En interiores color tierra de curiosa semejanza a las sagradas familias “murillescas”, y exteriores trigales de Millet (perdonen la doble referencia occidental), en cada labor cotidiana se produce un acercamiento, un avance que la cámara, generalmente fija, o a veces con sutiles movimientos de acompañamiento, recoge con su poder desvelador. “Solo tienes que poner interés en las cosas, mirar su belleza. Después de todo, todo es bonito” decía Anna Karina en Vivir su vida (Jean-Luc Godard, 1962, Francia). Algo parecido opera aquí entre churretones, barro, utensilios y paredes de adobe. O en una variedad de lugares en los que los personajes se sientan, y donde los actores, con fenomenal química, demuestran los mayores gestos de amor en los cuidados mutuos.
Sin embargo, hay también lugar para pinceladas simbólicas en esta obra realista.
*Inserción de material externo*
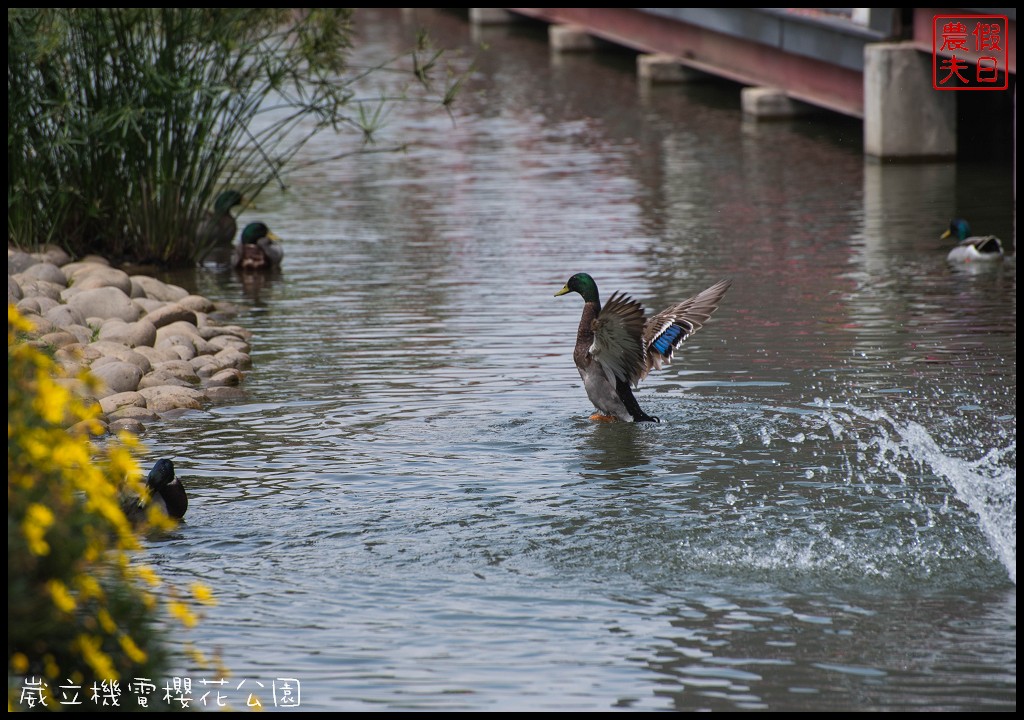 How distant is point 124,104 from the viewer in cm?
1241

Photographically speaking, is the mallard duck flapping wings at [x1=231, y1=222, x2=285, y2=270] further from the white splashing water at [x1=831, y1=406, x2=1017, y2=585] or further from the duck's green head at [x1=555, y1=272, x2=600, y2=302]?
the white splashing water at [x1=831, y1=406, x2=1017, y2=585]

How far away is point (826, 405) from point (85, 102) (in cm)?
699

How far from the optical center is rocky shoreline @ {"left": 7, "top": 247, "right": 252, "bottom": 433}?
920 centimetres

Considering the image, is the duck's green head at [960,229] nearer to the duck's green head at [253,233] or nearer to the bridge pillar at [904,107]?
the bridge pillar at [904,107]

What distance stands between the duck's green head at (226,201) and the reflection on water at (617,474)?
78cm

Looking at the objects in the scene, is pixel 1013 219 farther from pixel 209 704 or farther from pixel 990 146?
pixel 209 704

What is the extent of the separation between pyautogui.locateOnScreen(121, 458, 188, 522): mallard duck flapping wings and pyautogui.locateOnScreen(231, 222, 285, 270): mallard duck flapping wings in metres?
7.08

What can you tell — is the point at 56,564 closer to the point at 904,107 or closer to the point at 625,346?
the point at 625,346

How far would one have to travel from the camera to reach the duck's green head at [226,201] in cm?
1461

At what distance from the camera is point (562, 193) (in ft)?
58.3

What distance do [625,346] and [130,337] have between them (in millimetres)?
3805

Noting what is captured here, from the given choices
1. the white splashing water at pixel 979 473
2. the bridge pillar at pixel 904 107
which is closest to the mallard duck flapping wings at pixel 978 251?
the white splashing water at pixel 979 473

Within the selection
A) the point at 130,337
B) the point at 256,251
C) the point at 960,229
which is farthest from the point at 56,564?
→ the point at 960,229

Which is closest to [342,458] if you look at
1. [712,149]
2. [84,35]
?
[84,35] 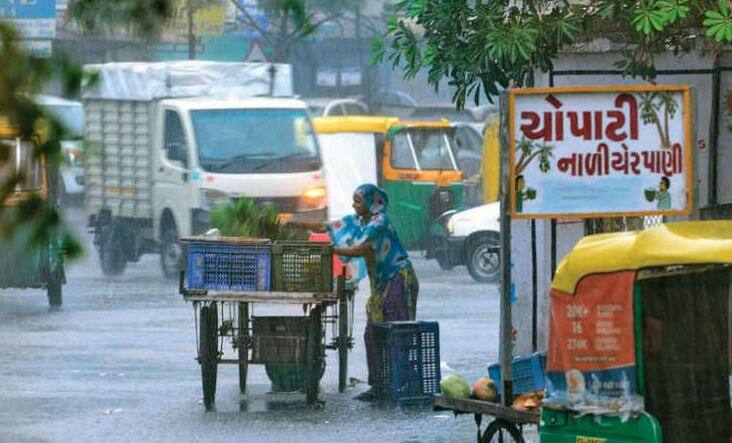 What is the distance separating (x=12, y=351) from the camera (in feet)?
50.5

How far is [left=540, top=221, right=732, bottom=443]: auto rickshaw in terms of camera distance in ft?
23.4

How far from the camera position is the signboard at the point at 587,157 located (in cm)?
832

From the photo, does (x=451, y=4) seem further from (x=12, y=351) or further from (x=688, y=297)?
(x=12, y=351)

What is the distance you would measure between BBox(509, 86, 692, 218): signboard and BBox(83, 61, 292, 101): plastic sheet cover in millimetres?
15187

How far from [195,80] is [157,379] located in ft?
33.9

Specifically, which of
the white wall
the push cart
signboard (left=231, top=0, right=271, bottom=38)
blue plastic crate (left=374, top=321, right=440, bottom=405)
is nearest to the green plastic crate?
the push cart

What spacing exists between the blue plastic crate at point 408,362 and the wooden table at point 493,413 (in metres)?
3.17

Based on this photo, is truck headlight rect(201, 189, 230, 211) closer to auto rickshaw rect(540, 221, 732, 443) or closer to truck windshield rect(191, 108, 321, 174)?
truck windshield rect(191, 108, 321, 174)

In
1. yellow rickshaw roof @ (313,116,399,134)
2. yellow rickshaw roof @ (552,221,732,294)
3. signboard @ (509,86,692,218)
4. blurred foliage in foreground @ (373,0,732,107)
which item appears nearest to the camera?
yellow rickshaw roof @ (552,221,732,294)

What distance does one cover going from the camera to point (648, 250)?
7012mm

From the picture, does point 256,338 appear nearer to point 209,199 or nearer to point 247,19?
point 209,199

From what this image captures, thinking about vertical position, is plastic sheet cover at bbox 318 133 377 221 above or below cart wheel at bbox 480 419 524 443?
above

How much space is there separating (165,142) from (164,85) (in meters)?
0.81

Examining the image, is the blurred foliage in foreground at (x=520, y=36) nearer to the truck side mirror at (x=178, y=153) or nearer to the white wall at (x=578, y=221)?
the white wall at (x=578, y=221) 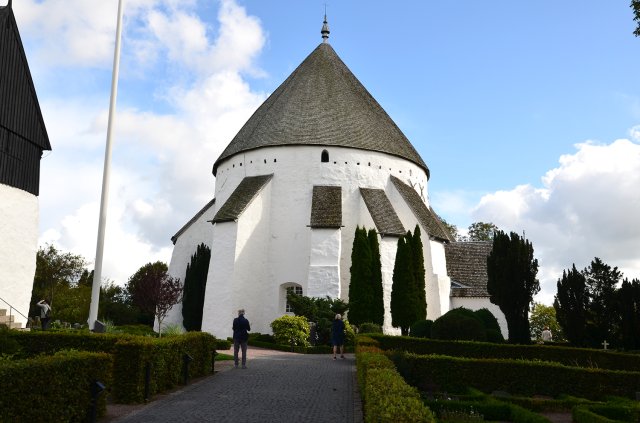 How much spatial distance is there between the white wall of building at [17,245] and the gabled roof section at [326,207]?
11.5 meters

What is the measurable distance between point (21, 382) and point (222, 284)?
777 inches

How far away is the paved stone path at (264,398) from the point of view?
8.73m

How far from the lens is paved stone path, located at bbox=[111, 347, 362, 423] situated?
8.73 metres

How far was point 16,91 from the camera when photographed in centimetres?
2172

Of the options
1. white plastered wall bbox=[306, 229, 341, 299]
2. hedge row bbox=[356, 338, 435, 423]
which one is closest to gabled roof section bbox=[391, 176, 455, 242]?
white plastered wall bbox=[306, 229, 341, 299]

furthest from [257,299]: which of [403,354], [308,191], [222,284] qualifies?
[403,354]

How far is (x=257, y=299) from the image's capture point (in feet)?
90.8

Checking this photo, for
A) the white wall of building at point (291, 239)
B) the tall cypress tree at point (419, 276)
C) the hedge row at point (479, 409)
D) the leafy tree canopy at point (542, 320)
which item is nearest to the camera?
the hedge row at point (479, 409)

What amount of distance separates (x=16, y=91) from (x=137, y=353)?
15879mm

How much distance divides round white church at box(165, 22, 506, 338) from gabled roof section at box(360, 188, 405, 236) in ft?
0.18

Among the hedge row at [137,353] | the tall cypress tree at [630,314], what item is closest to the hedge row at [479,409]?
the hedge row at [137,353]

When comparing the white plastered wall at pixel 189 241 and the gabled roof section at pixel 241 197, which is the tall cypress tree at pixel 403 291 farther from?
the white plastered wall at pixel 189 241

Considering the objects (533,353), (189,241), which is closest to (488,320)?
(533,353)

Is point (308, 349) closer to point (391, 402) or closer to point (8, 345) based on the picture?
point (8, 345) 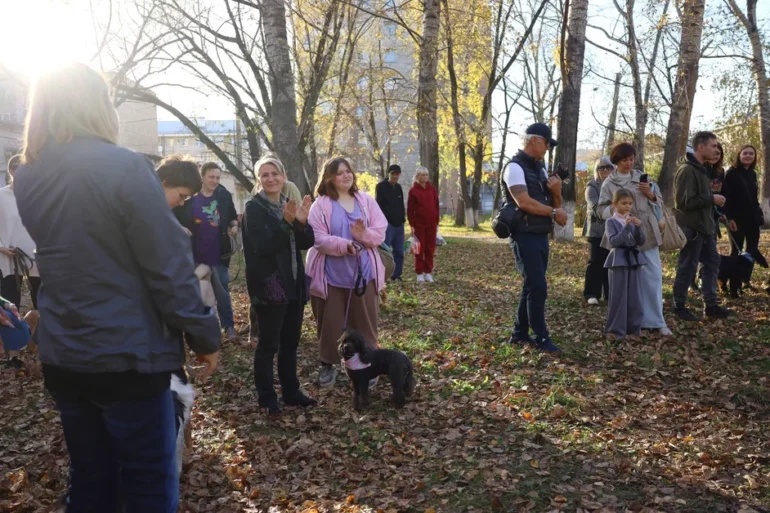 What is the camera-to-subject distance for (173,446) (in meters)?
2.59

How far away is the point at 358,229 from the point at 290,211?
1.03m

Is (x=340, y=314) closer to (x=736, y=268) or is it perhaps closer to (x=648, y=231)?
(x=648, y=231)

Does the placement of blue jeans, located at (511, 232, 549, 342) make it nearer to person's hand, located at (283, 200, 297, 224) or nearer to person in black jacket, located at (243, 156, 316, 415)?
person in black jacket, located at (243, 156, 316, 415)

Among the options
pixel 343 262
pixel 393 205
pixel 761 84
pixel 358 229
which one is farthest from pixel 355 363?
pixel 761 84

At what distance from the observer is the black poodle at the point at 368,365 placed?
215 inches

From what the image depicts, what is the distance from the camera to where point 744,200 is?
9.38 meters

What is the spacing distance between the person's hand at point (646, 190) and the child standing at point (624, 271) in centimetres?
21

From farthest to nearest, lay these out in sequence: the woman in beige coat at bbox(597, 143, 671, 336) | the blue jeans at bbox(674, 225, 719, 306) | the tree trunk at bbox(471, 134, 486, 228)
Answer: the tree trunk at bbox(471, 134, 486, 228), the blue jeans at bbox(674, 225, 719, 306), the woman in beige coat at bbox(597, 143, 671, 336)

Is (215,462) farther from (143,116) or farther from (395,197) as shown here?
(143,116)

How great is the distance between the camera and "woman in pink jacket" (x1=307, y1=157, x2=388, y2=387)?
6039 millimetres

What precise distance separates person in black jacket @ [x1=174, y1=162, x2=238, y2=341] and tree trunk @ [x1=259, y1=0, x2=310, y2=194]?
271cm

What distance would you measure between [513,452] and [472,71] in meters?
25.9

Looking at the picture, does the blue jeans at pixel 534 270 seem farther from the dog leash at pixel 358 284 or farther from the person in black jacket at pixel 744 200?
the person in black jacket at pixel 744 200

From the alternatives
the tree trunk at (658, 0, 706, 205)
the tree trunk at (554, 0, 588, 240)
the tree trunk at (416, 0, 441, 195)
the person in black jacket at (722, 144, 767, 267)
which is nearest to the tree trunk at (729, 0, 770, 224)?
the tree trunk at (658, 0, 706, 205)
El abandono de lo rural por el gobierno, el acecho de la modernidad capitalista y el abrazo a los modos de vida tradicionales irrumpen a veces en reflexivas metáforas como el regreso de las golondrinas a su nido, la constante donación de sangre o la irrupción de un inmaculado coche blanco casi de concesionario, amenazante y exótico en el poblado, que actúa de igual forma que en Pacifiction (Albert Serra, 2022).
Pero es en la cadencia del ritmo, la rotundidad y hondura de los planos, casi sacados de proverbios chinos, donde se compone una obra en la que brota tanto una verdad local, como la personalidad de su cineasta. Es en esta actitud moral donde la fuerte crítica local trasciende a lo universal. En esa decisión de hacer un cine que brote del corazón, que se enfrente a gobiernos y dinámicas de la industria, y que sea totalmente coherente en forma con lo que su propio argumento y personajes denuncian. No se sabe si Li Ruijun debe un gallo al Asclepio de turno de su localidad, pero su cine, con la honestidad que demuestra por el momento, no le adeuda nada a nadie.